I am the first woman President of PEN International. Therefore, one of my missions has been to help women writers and explore how violence against women creates censorship. The immeasurable variety of violence that women face–- from sex-selective abortion to stolen girls who are sold and trafficked, to female students at universities who are rated and slut-shamed on social media – one common result is that it silences the voices of women.
The historic lack of freedom for women and girls has in the past and is also in the present day almost always defended by reference to culture, religion and tradition. These arguments underscore that few groups have suffered greater violation of human rights in the name of culture than women.
It is the extraordinary legacy of women writers and journalists that inspire us at PEN to continue fighting the many barriers women writers still face. Whether that is censorship in the form of physical or emotional violence, a society that stereotypes and marginalizes them, or a publishing industry that still sees women earning less, publishing less, and being reviewed less than their male peers.

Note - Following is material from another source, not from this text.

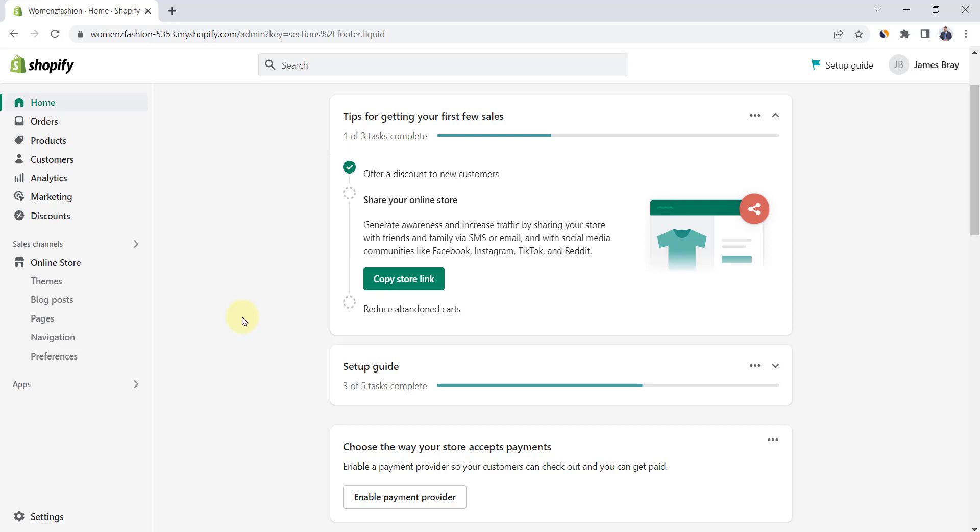In this video, we'll learn how to add a currency converter in Shopify using the best Shopify app which has free and paid plans.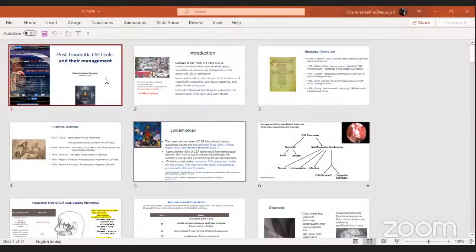The session organizer addresses the next speaker, Chandrasekhar Dev Puja, checking if he is ready with his presentation. After a brief wait, the speaker logs in and his microphone becomes active.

Because of this PEN has created the PEN’s Women’s Manifesto, which stands for non-violence, safety, education, access and parity. Even in countries where we think there is parity, there just simply isn’t. The novelist and journalist Kamila Shamsie, an advisor on our Manifesto, discovered that most every woman who had won the Booker or Pulitzer Prize, her novel’s protagonist had been a man. Almost every woman writer knows that if she writes about women she will not win awards – consciously and unconsciously the female experience is considered less profound. Carolina Criado Perez, who was also an advisor on the PEN Women’s Manifesto, created the campaign to have a woman, who is not the queen, on a British bank note. Criado Perez was so vilified she had to shut down all her social media accounts as she received so much hate mail that even included threats of rape and murder. Thanks to her we now have Jane Austin’s face on a ten-pound note. Vida - an organization in the USA that tracks how many women’s books are reviewed (the path to visibility, prestige and literary prizes) – has discovered grave problems, which include the fact that women writers, if reviewed, are usually reviewed by women and their work is almost always compared to the work of another woman. The poet Grace Schulman, an expert on Marianne Moore, an American modernist poet, recently told me that Moore, who died in 1972, is always compared to Emily Dickenson, who died in 1886 almost one hundred years earlier, instead of her male contemporaries!

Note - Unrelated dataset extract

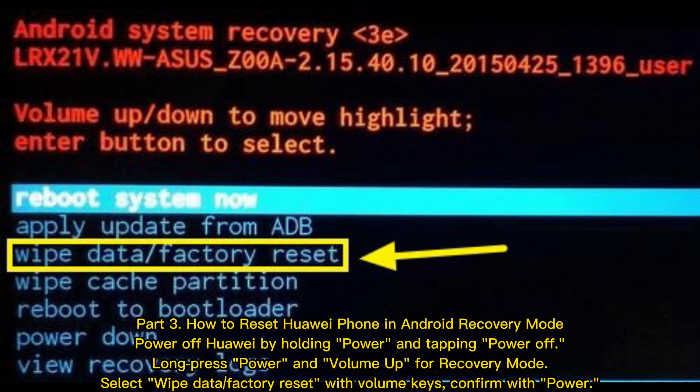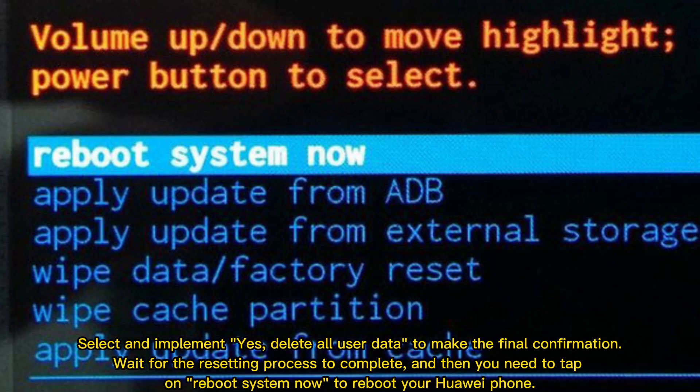Part three: how to reset your Huawei phone in Android Recovery Mode. Power off your Huawei by holding the power button and tapping Power Off. Long press the Power and Volume Up buttons to enter recovery mode. Select Wipe Data or Factory Reset using the volume keys, confirm with the power button, then select Yes — Delete All User Data. Wait for the reset to complete, then tap Reboot System Now.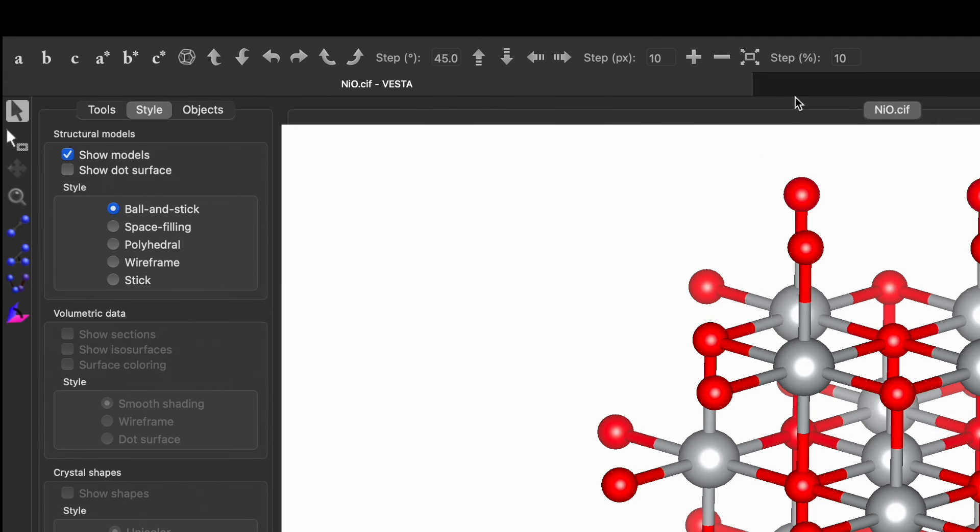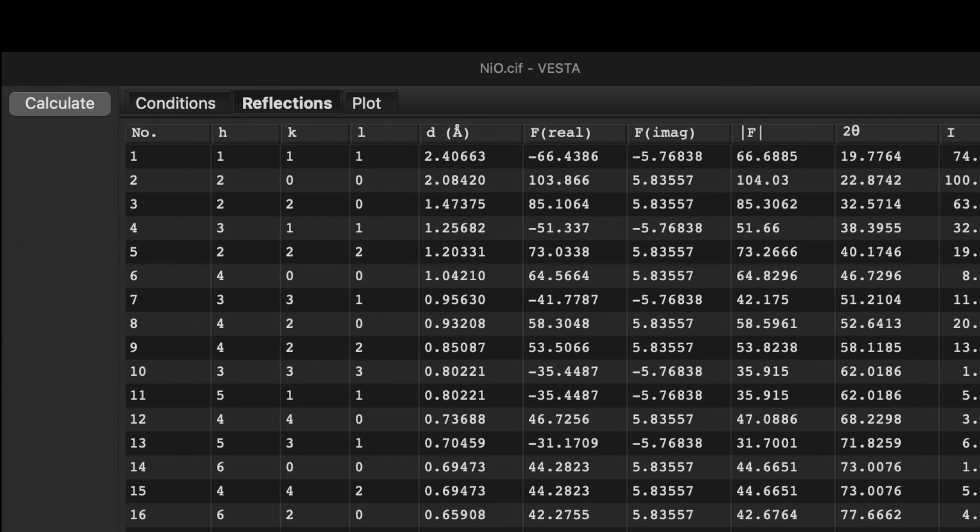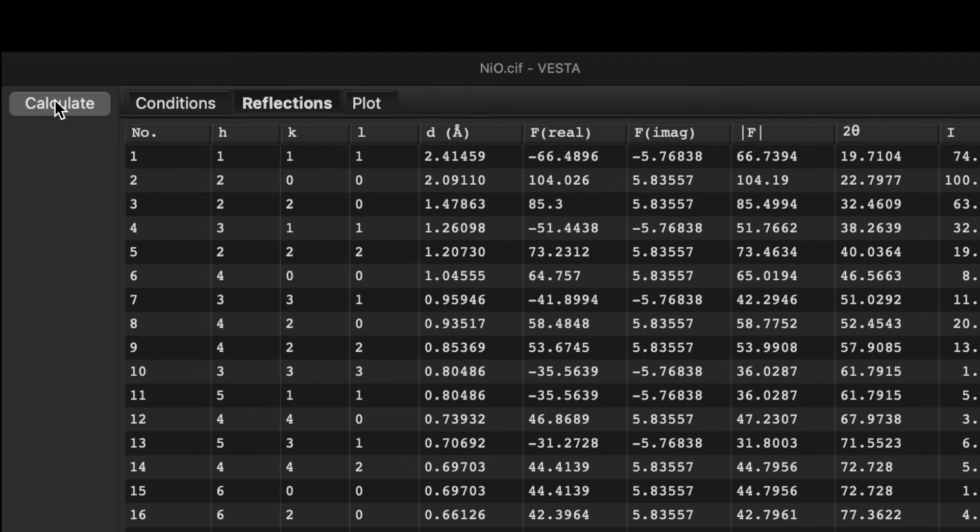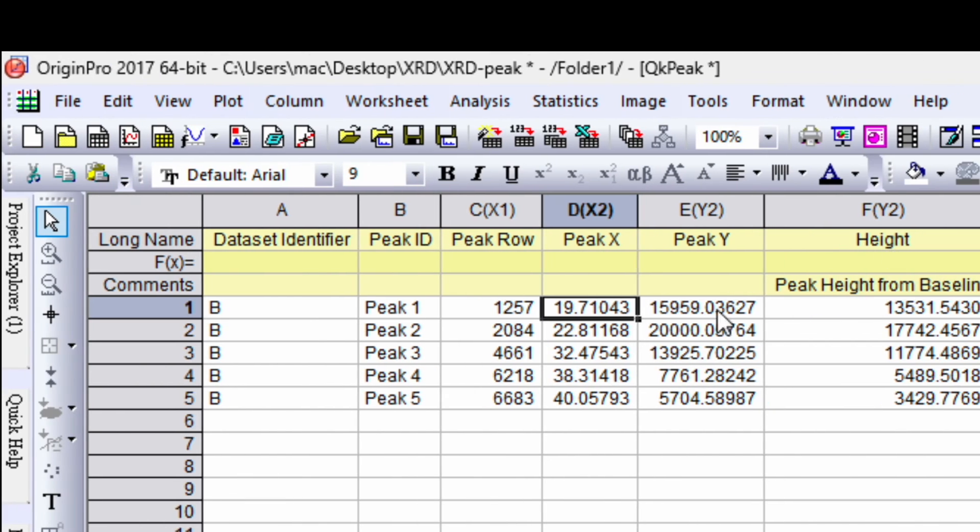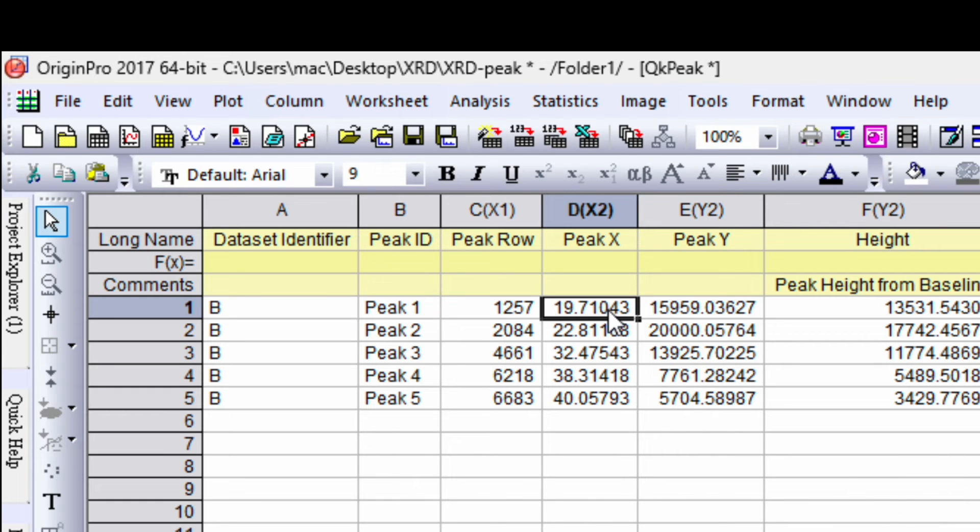After this go to the reflection list and click again on the calculate. So once you click then you will see the change in the number. So now it's become 19.7104 which is pretty close to what we see from the experimental XRD diffractogram.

This is a global problem that also persists here. In thinking about women and because we are in India, we need to honour the brave life of the Indian journalist and editor Guari Lankesh who was murdered on September 5th 2017. She fought injustice with words. Her killers had bullets.

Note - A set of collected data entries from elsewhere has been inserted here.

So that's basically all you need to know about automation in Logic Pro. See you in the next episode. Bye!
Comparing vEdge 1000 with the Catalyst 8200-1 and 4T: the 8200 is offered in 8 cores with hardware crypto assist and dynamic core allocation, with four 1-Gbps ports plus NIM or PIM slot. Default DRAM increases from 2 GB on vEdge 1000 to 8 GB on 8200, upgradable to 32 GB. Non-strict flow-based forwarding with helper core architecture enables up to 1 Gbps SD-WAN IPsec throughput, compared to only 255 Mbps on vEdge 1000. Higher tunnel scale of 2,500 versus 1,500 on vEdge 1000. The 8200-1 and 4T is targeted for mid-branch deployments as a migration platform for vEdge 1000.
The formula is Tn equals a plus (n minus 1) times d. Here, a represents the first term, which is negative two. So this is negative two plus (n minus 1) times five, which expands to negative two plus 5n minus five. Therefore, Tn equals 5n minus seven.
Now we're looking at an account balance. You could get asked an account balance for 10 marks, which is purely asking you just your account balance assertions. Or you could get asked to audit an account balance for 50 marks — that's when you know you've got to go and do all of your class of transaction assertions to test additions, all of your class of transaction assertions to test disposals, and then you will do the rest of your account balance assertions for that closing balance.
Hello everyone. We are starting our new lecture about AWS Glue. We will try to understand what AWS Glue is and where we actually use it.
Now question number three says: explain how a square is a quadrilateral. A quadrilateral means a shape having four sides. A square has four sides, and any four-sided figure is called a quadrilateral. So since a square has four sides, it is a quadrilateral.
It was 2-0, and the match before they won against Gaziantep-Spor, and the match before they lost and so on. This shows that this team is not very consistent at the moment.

We must also underscore the India’s government’s annual economic survey, which was released January 30th, just two weeks ago, which claims that more than 63 million women are “missing” across India and more than 21 million are unwanted by their families. “The challenge of gender is long-standing, probably going back millennia,” wrote the report’s author, chief economic adviser Arvind Subramanian, noting that India must “confront the societal preference for boys”.
I feel the deepest sorrow at the loss of these girls’ voices, stories- their lives. PEN’s Women’s Manifesto speaks to this sorrow and ends with these words: Humanity is both wanting and bereft without the full and free expression of women’s creativity and knowledge.